§ **Problem requirements**:
Copy word for word the lines in the records below, starting at the line with "Exterior 12" and ending at the line with "2007 American Girl". Skip the pictures.

§ **Supplied data**:
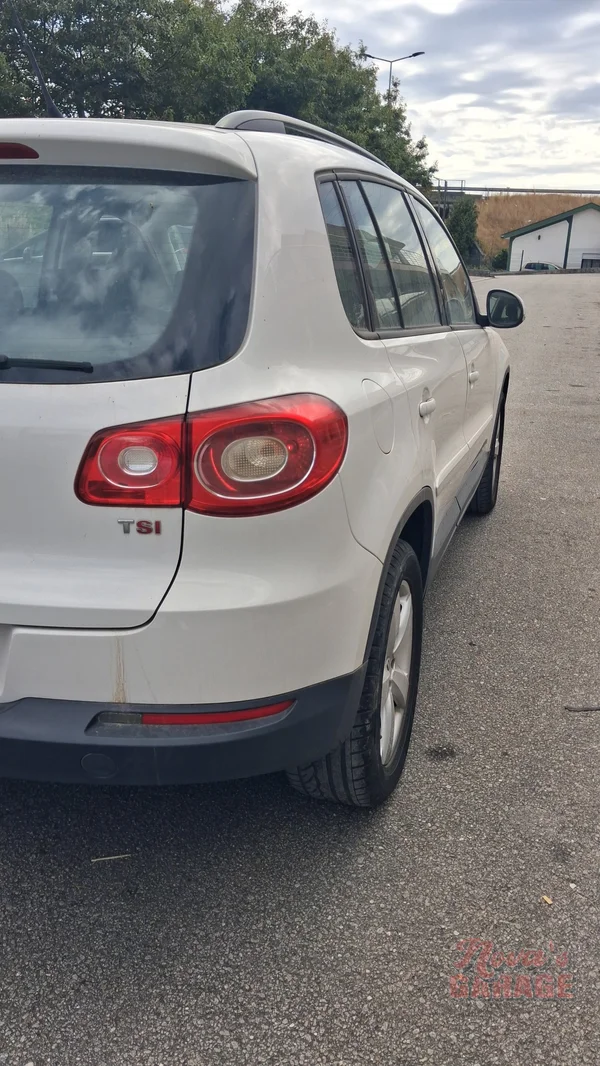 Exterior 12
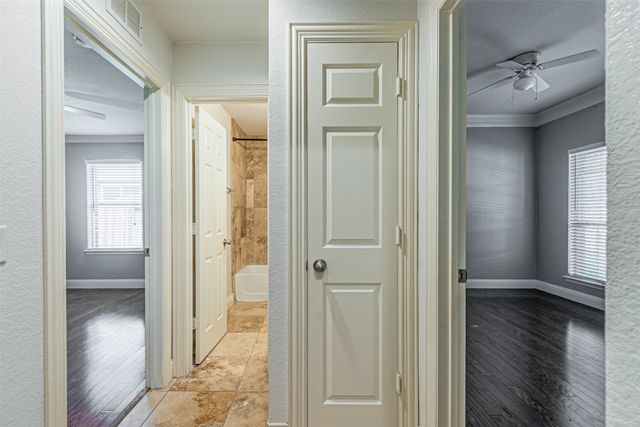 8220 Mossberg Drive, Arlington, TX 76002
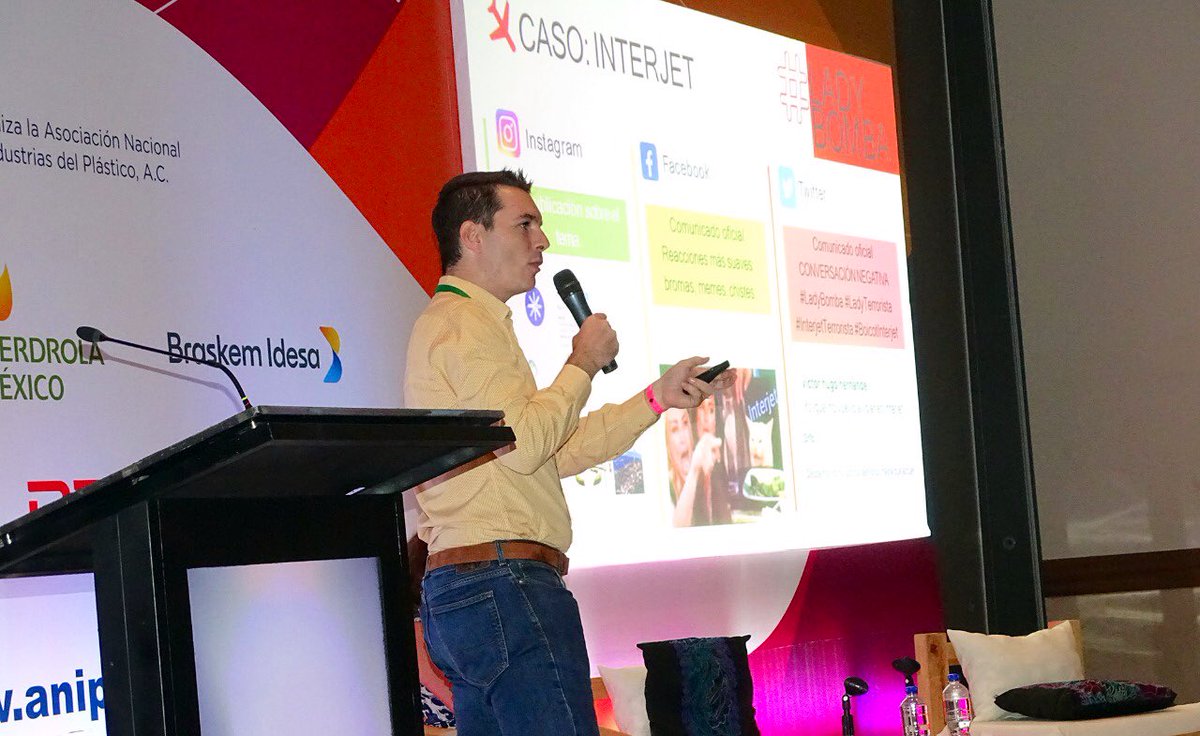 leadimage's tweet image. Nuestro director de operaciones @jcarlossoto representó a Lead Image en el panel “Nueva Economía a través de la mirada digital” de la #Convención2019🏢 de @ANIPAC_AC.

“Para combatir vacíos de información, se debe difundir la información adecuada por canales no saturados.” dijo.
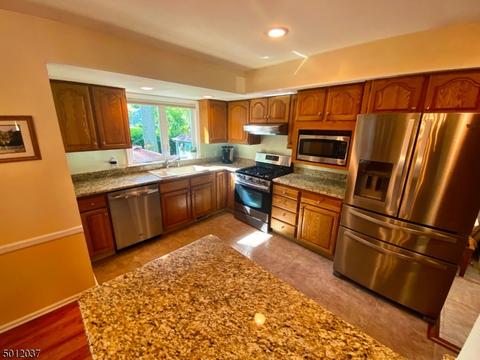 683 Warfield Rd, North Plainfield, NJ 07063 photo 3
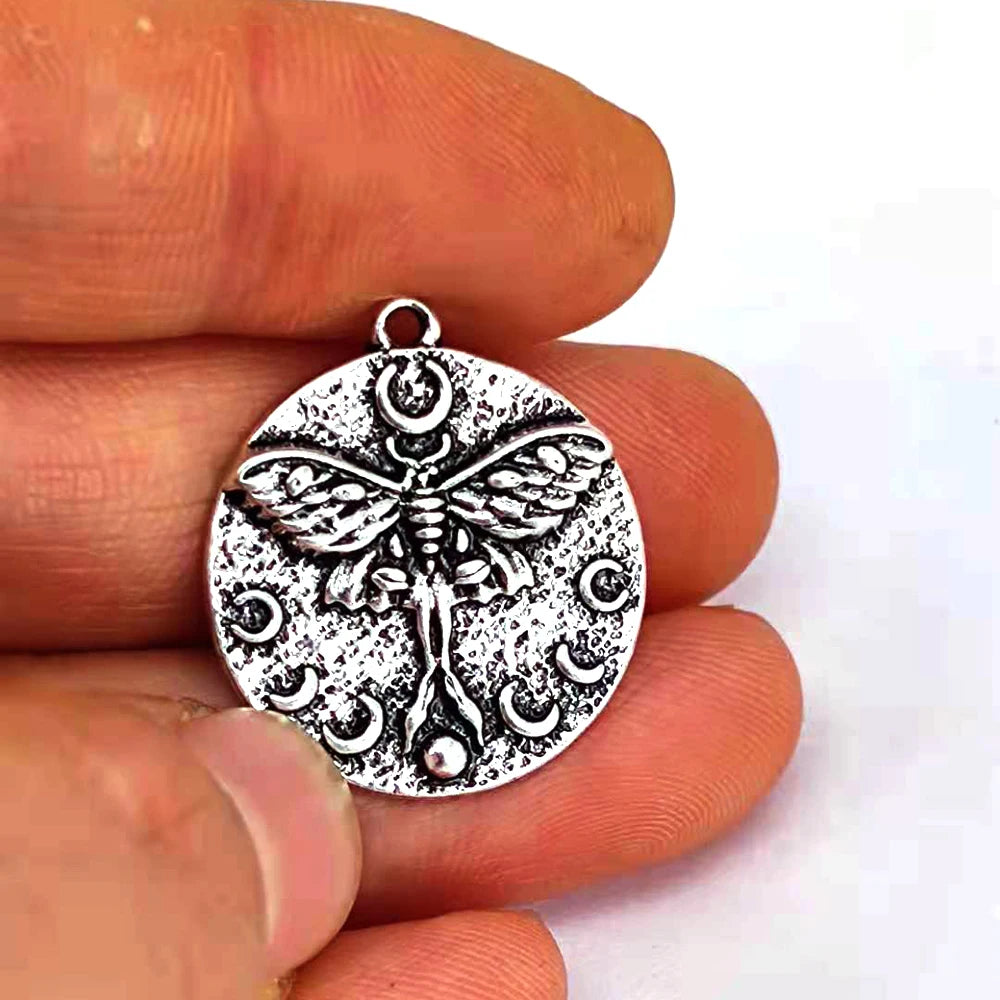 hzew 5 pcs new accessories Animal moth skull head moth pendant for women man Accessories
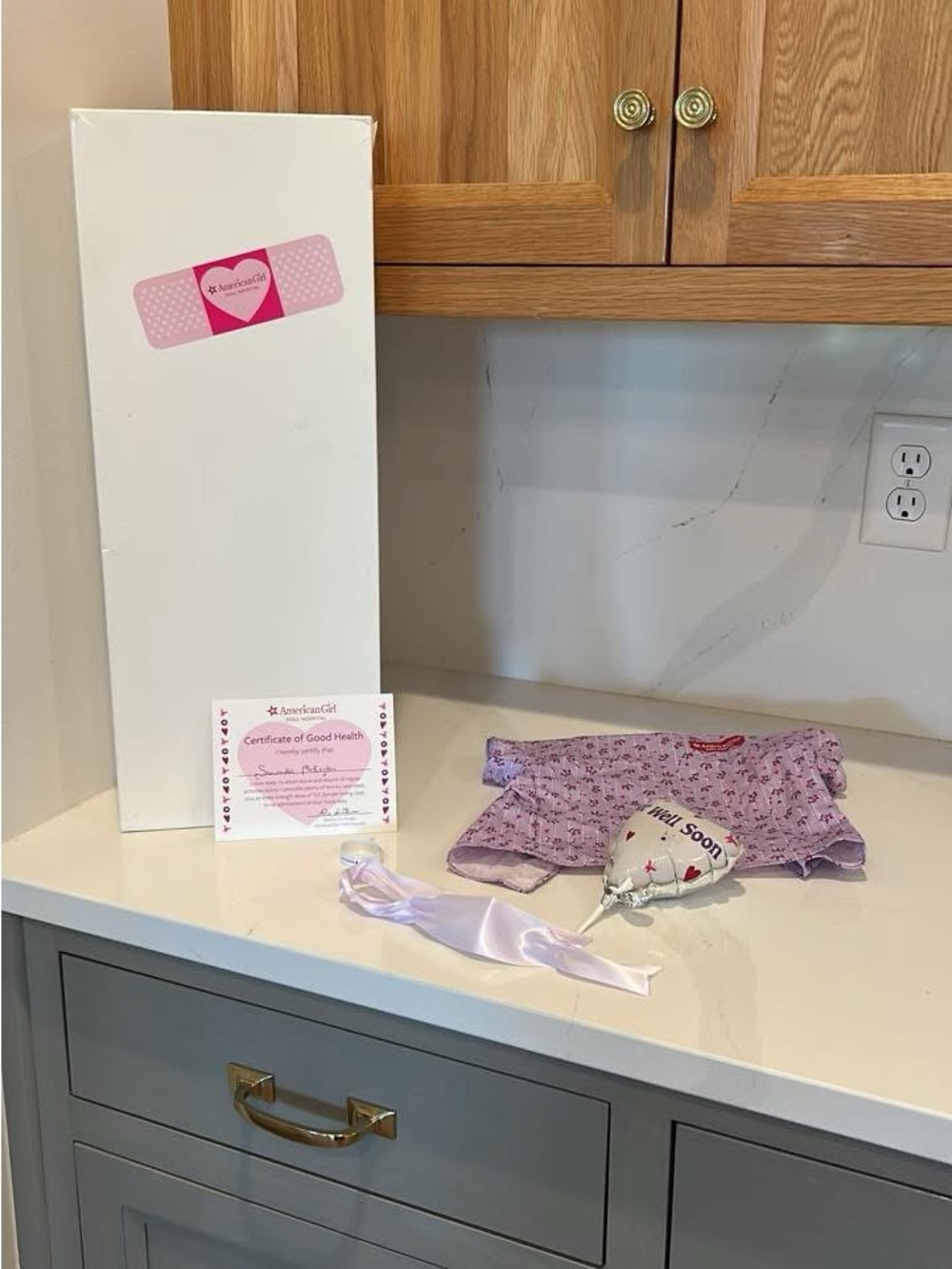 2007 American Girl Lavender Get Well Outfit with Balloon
...
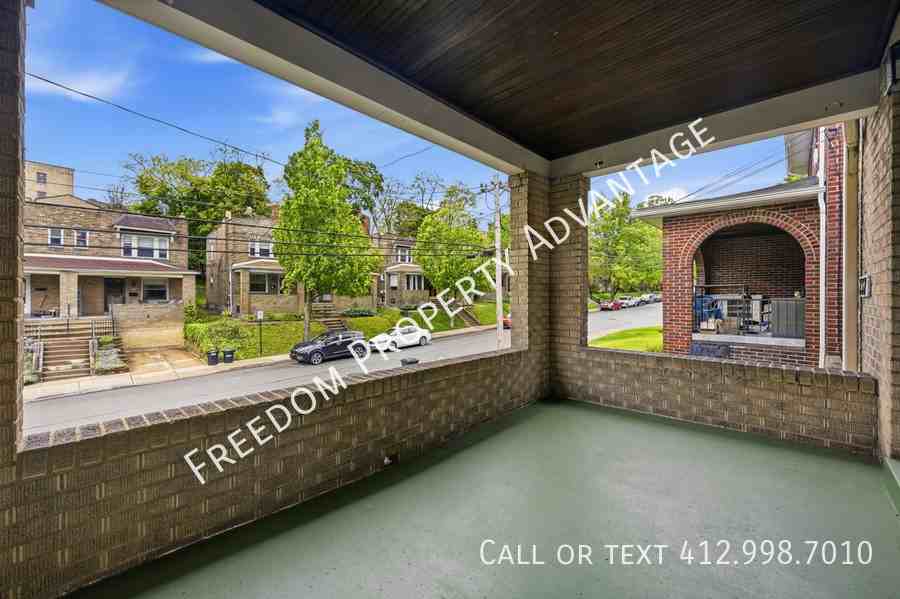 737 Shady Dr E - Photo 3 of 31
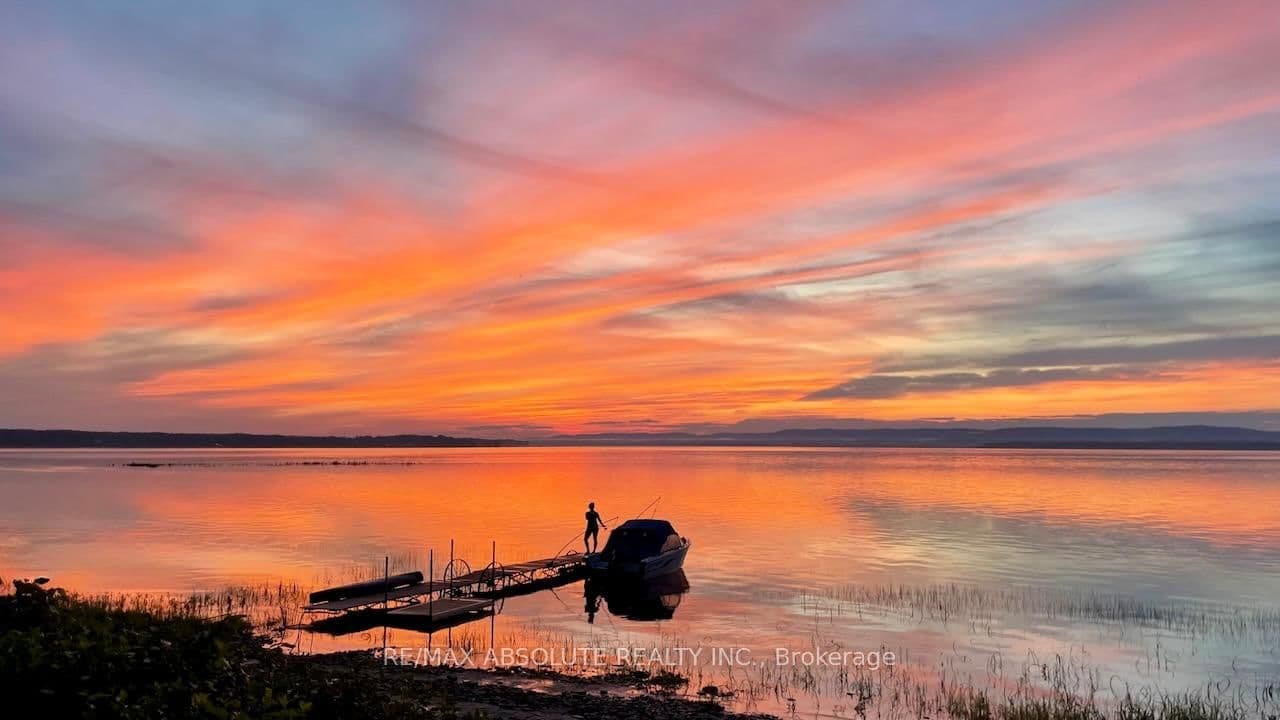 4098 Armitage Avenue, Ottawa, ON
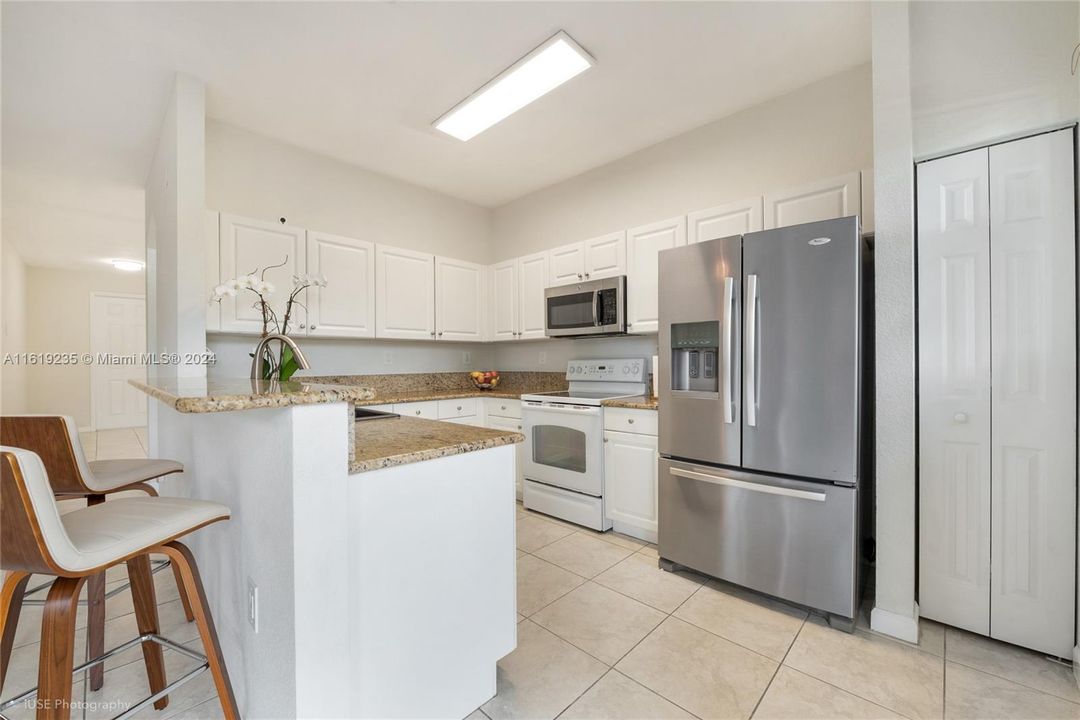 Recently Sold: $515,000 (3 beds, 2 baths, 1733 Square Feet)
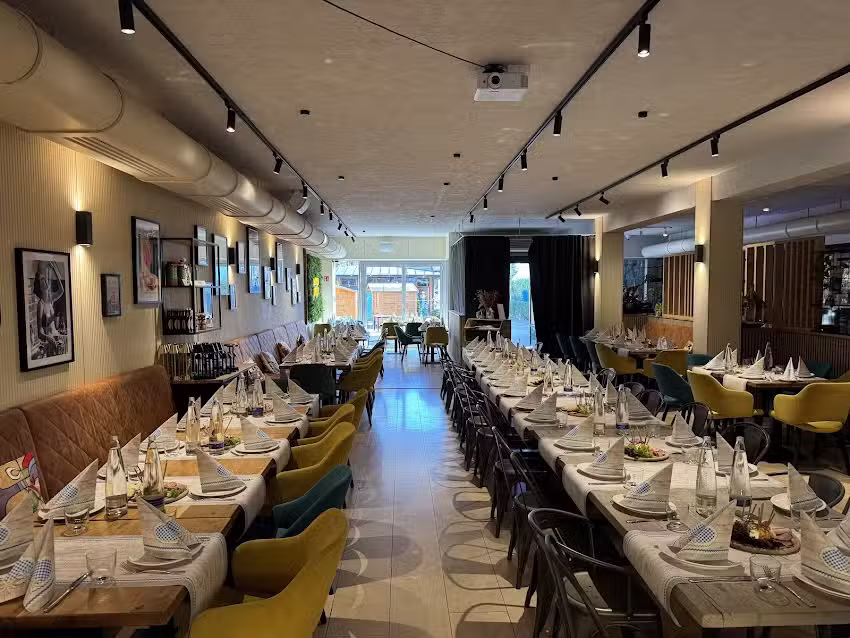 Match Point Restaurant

§ **Solution below**:
 Exterior 12
 8220 Mossberg Drive, Arlington, TX 76002
 leadimage's tweet image. Nuestro director de operaciones @jcarlossoto representó a Lead Image en el panel “Nueva Economía a través de la mirada digital” de la #Convención2019🏢 de @ANIPAC_AC.

“Para combatir vacíos de información, se debe difundir la información adecuada por canales no saturados.” dijo.
 683 Warfield Rd, North Plainfield, NJ 07063 photo 3
 hzew 5 pcs new accessories Animal moth skull head moth pendant for women man Accessories
 2007 American Girl Lavender Get Well Outfit with Balloon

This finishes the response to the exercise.